Bonus Match 5 Results
On Saturday night, March 28, 2026, the Bonus Match 5 draw in Maryland produced a notable return: 06 20 30 38 39 after days of absence. Against an expected cadence of 1 in 575,757 draws, the gap registers as a clear deviation in timing that merits documentation in the historical record.
Winning numbers for 1 draw on March 28, 2026 in Maryland.
Draw times: Evening.
Our take on the Bonus Match 5 results
March 28, 2026Bonus Match 5 report — Saturday night, March 28, 2026: 06 20 30 38 39 shows a notable pattern
On Saturday night, March 28, 2026, the Bonus Match 5 draw in Maryland produced a notable return: 06 20 30 38 39 after days of absence. Against an expected cadence of 1 in 575,757 draws, the gap registers as a clear deviation in timing that merits documentation in the historical record.
Overview
On Saturday night, March 28, 2026, the Bonus Match 5 draw in Maryland produced a notable return: 06 20 30 38 39 after days of absence. Against an expected cadence of 1 in 575,757 draws, the gap registers as a clear deviation in timing that merits documentation in the historical record.
Combo Profile
The numbers in 06 20 30 38 39 cover a wide range (6 to 39) with no repeats.
Why Droughts Matter
Deep gaps function as context, not predictive - they show how distribution tails behave. They make variance visible across extended windows.
Data Notes
Specifically: this report documents observed outcomes for Saturday night, March 28, 2026 and benchmarks them against historical frequency baselines. The intent is documentation, not forecasting.
From Stepzero
Stepzero focuses on documenting distribution behavior over large samples. Each report is a snapshot of observed outcomes, designed to support disciplined, long-term analysis.
Additional Context
Long-horizon measurement matters most when viewed across extended windows. As samples expand, the distribution becomes clearer and anomalies settle into their expected ranges.

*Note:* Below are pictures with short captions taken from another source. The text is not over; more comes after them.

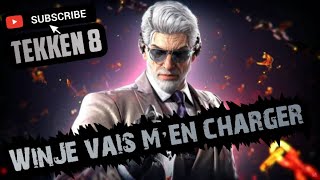 Tekken 8 | online Ranks | Hindi | INDIA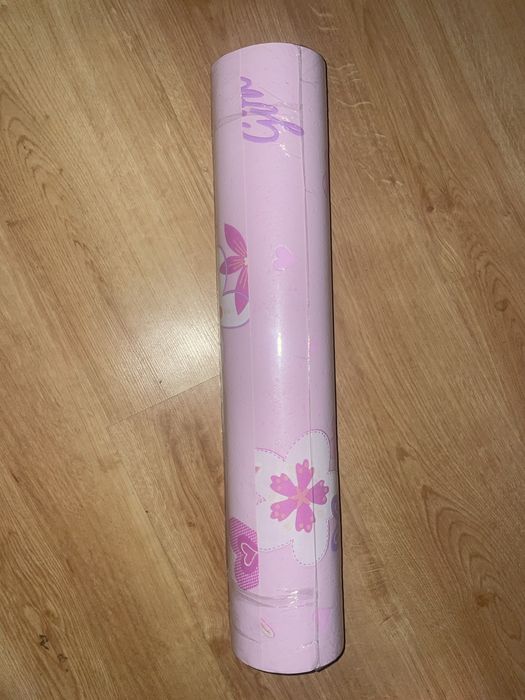 tapeta pokojowa dla dziewczynki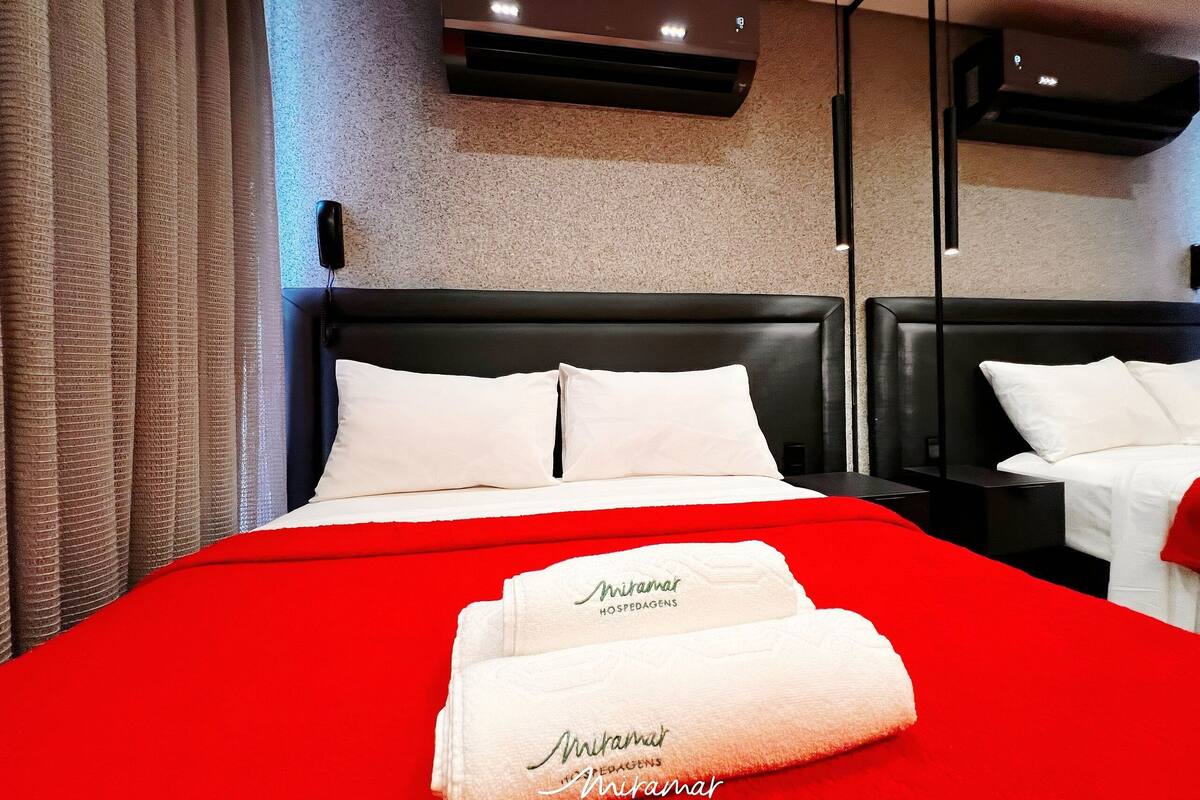 1 bedroom, free WiFi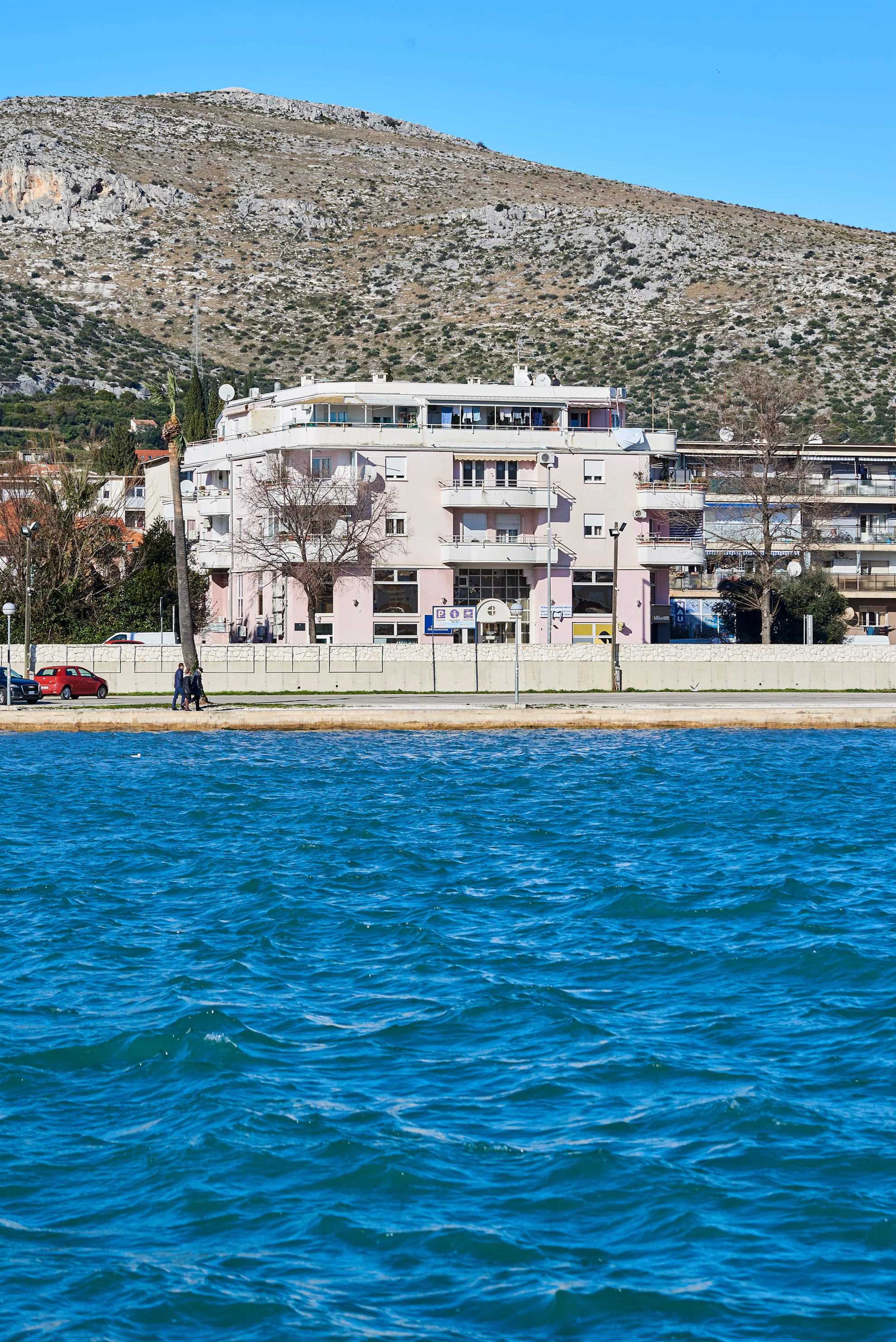 Apartment Damare in Trogir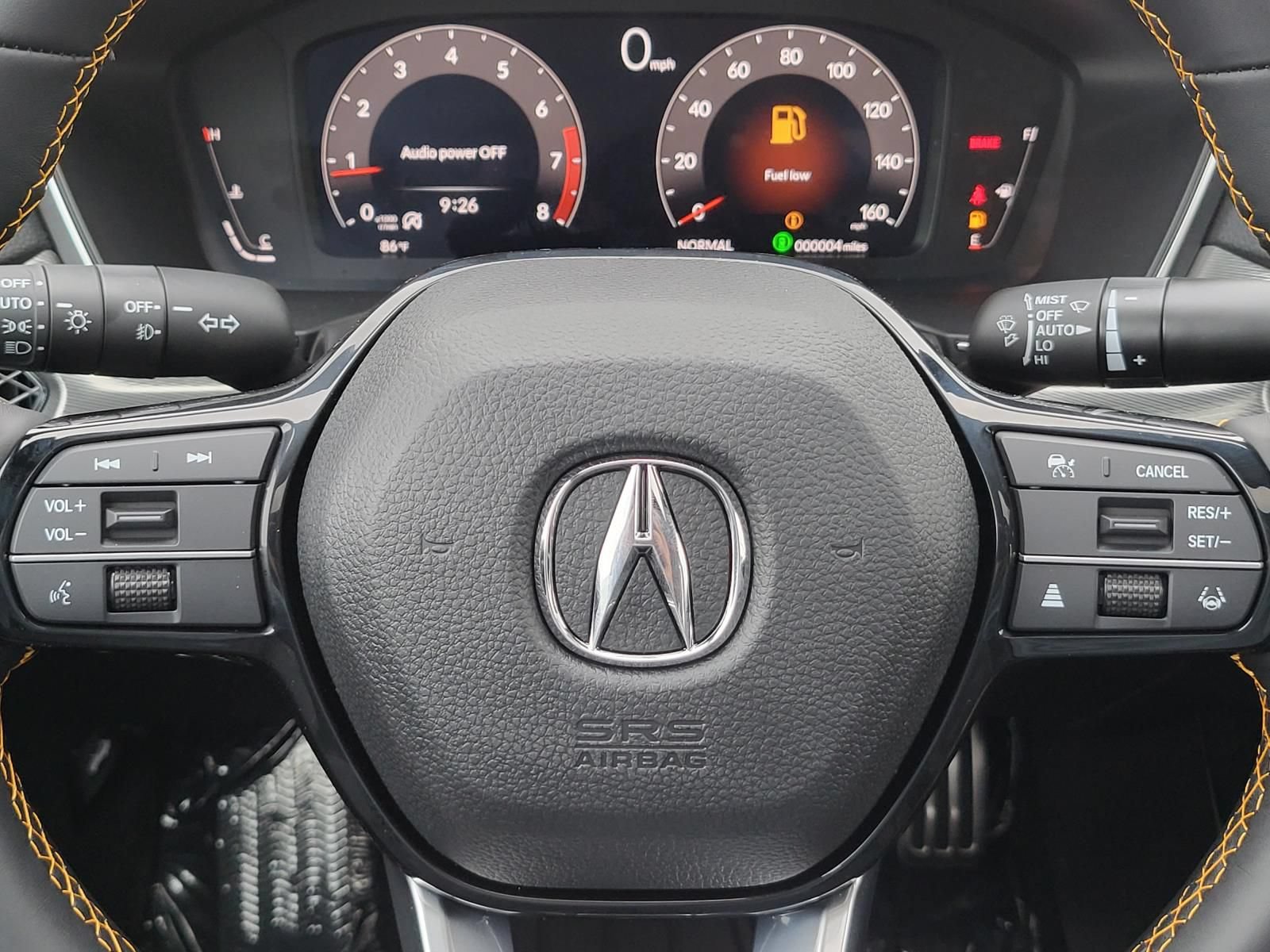 New 2026 Acura Integra A-Spec w/ Technology Package FWD image 25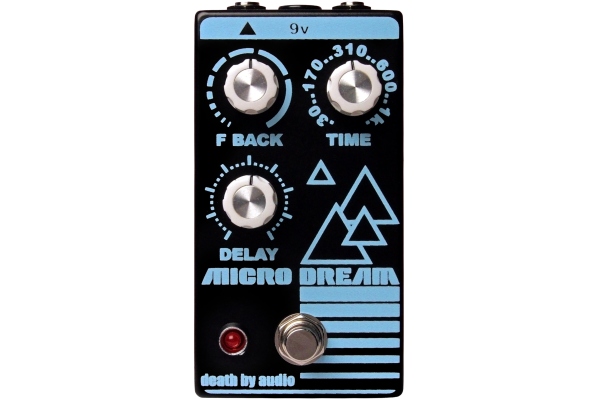 Death By Audio Micro Dream - Lo-Fi Delay Death By Audio Micro Dream - Lo-Fi Delay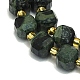 Natural Rhyolite Jasper Beads Strand(G-I376-D07-01)-3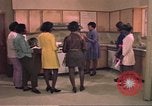 Standbild HUD Wald Höhen Housing Project Mississippi United States USA, 1966, aus Sekunde 49 historischem Filmmaterial Videoclip 65675057576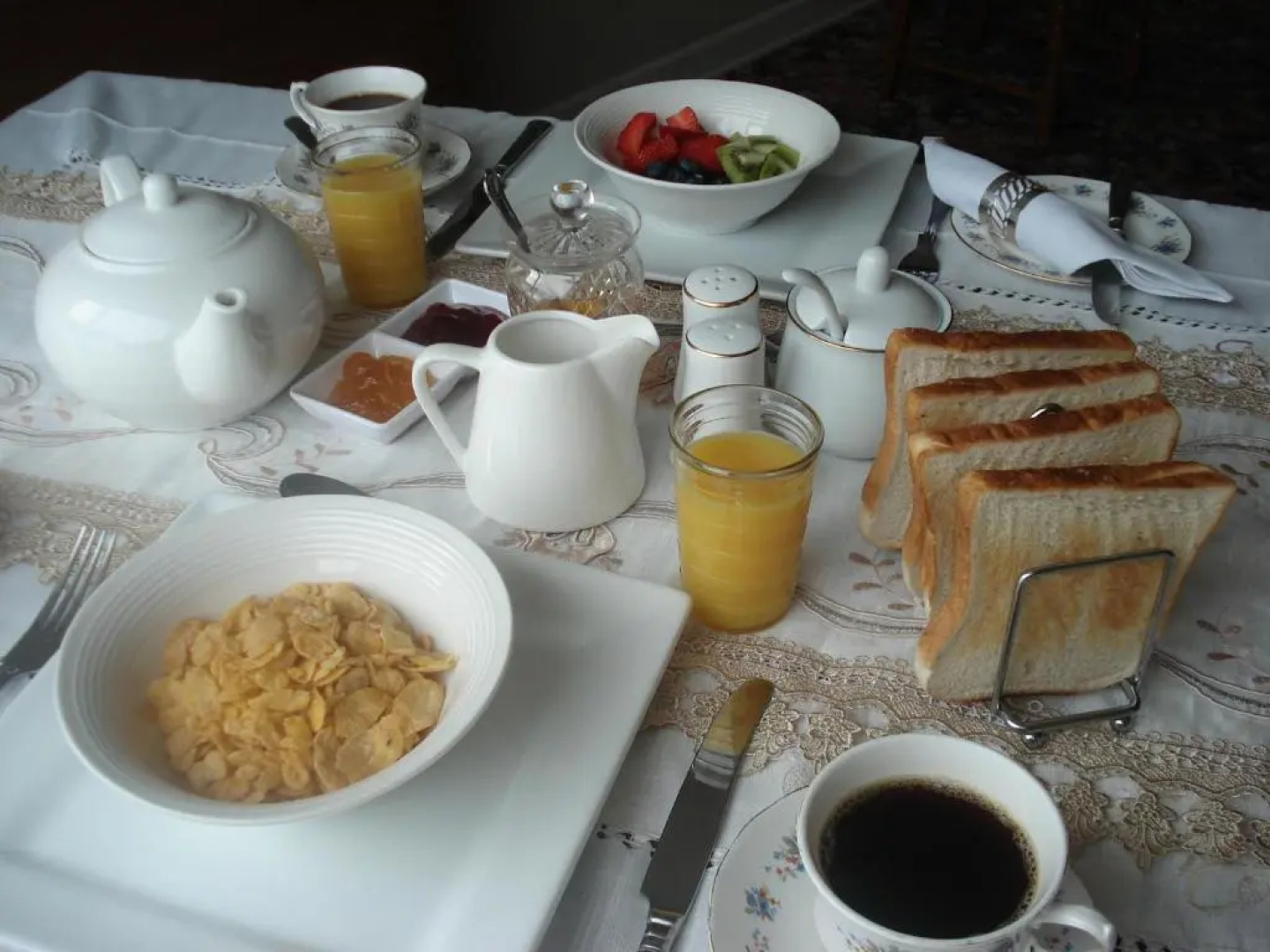 Edenvale Bed & Breakfast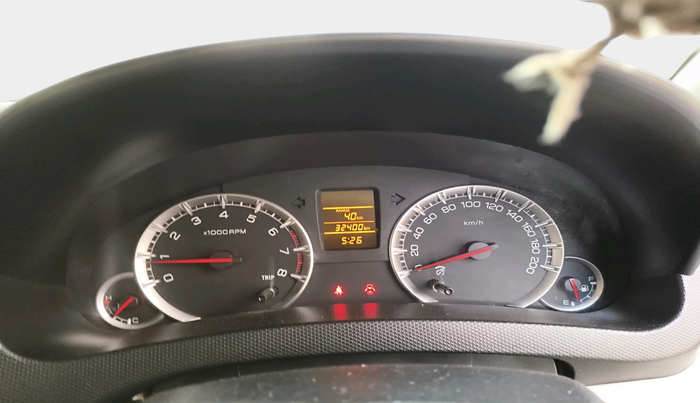 2013 Maruti Swift Dzire VXI, Petrol, Manual, 32,400 km, interior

Stability comes from the accumulation of entries. One draw alone does not define the pattern, but the record grows more reliable with each addition to the dataset.
Context improves with scale. As more draws accumulate, isolated anomalies either normalize into baseline rates or reveal persistent deviations that warrant closer monitoring.
Adding to the Long-Term Record
Across the long-term record, this return contributes one more record entry to the long-run dataset. The long-run picture sharpens as entries accrue.